START Entries shown

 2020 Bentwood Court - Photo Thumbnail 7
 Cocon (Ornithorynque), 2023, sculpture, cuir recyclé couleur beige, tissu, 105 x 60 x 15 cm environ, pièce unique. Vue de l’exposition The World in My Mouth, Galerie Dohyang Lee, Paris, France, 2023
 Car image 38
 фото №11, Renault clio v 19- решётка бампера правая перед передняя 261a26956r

END Entries shown
START Entries shown

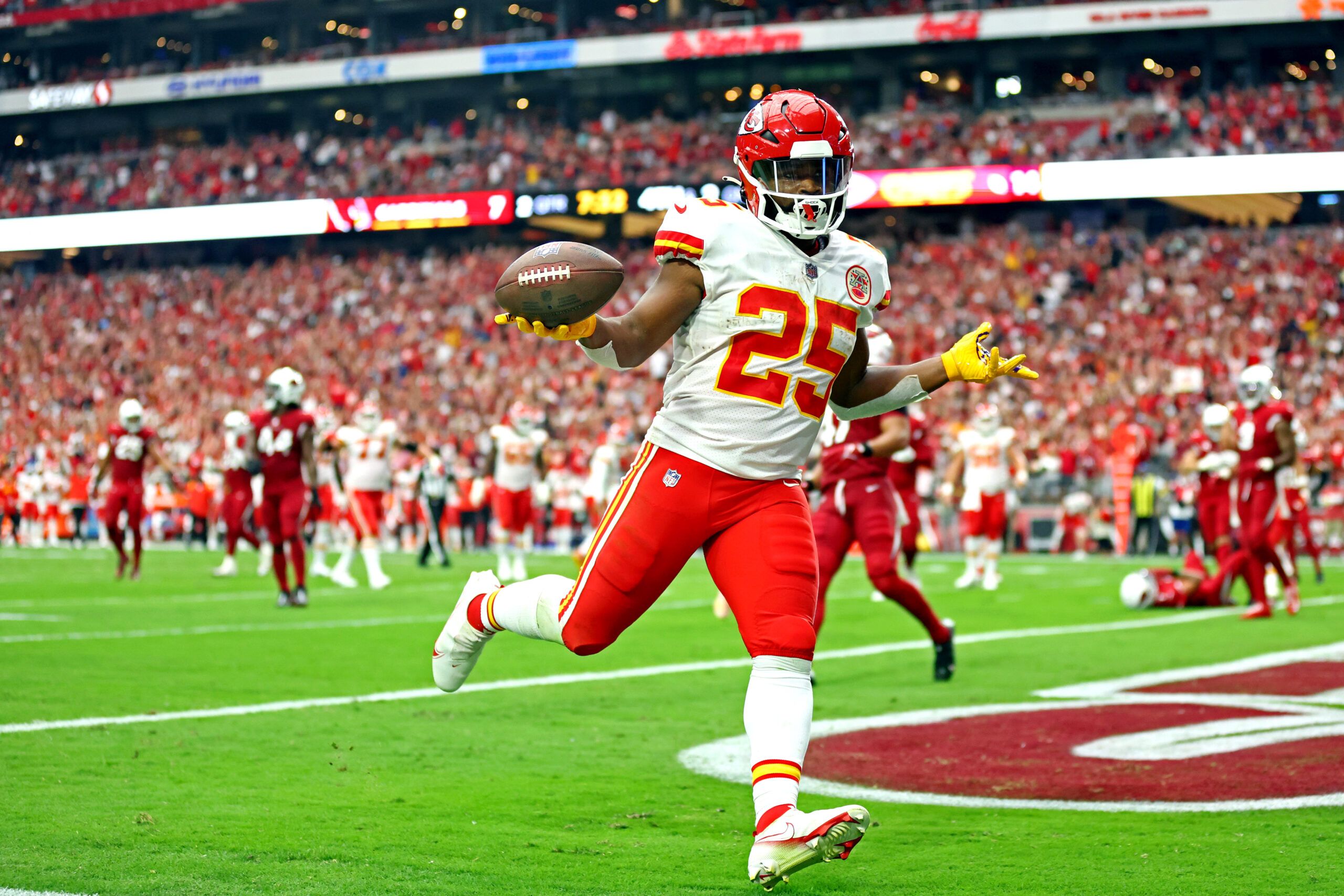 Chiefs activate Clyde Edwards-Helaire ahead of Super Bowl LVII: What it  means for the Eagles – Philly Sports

END Entries shown

▸ **Aim of the task**
Here the job is to set down exactly the lines of the material above that fall between the one with "2020 Bentwood Court - Photo Thumbnail 7" and the one with "фото №11, Renault", inclusive, and nothing beyond them.

▸ **Answer to this task**
 2020 Bentwood Court - Photo Thumbnail 7
 Cocon (Ornithorynque), 2023, sculpture, cuir recyclé couleur beige, tissu, 105 x 60 x 15 cm environ, pièce unique. Vue de l’exposition The World in My Mouth, Galerie Dohyang Lee, Paris, France, 2023
 Car image 38
 фото №11, Renault clio v 19- решётка бампера правая перед передняя 261a26956r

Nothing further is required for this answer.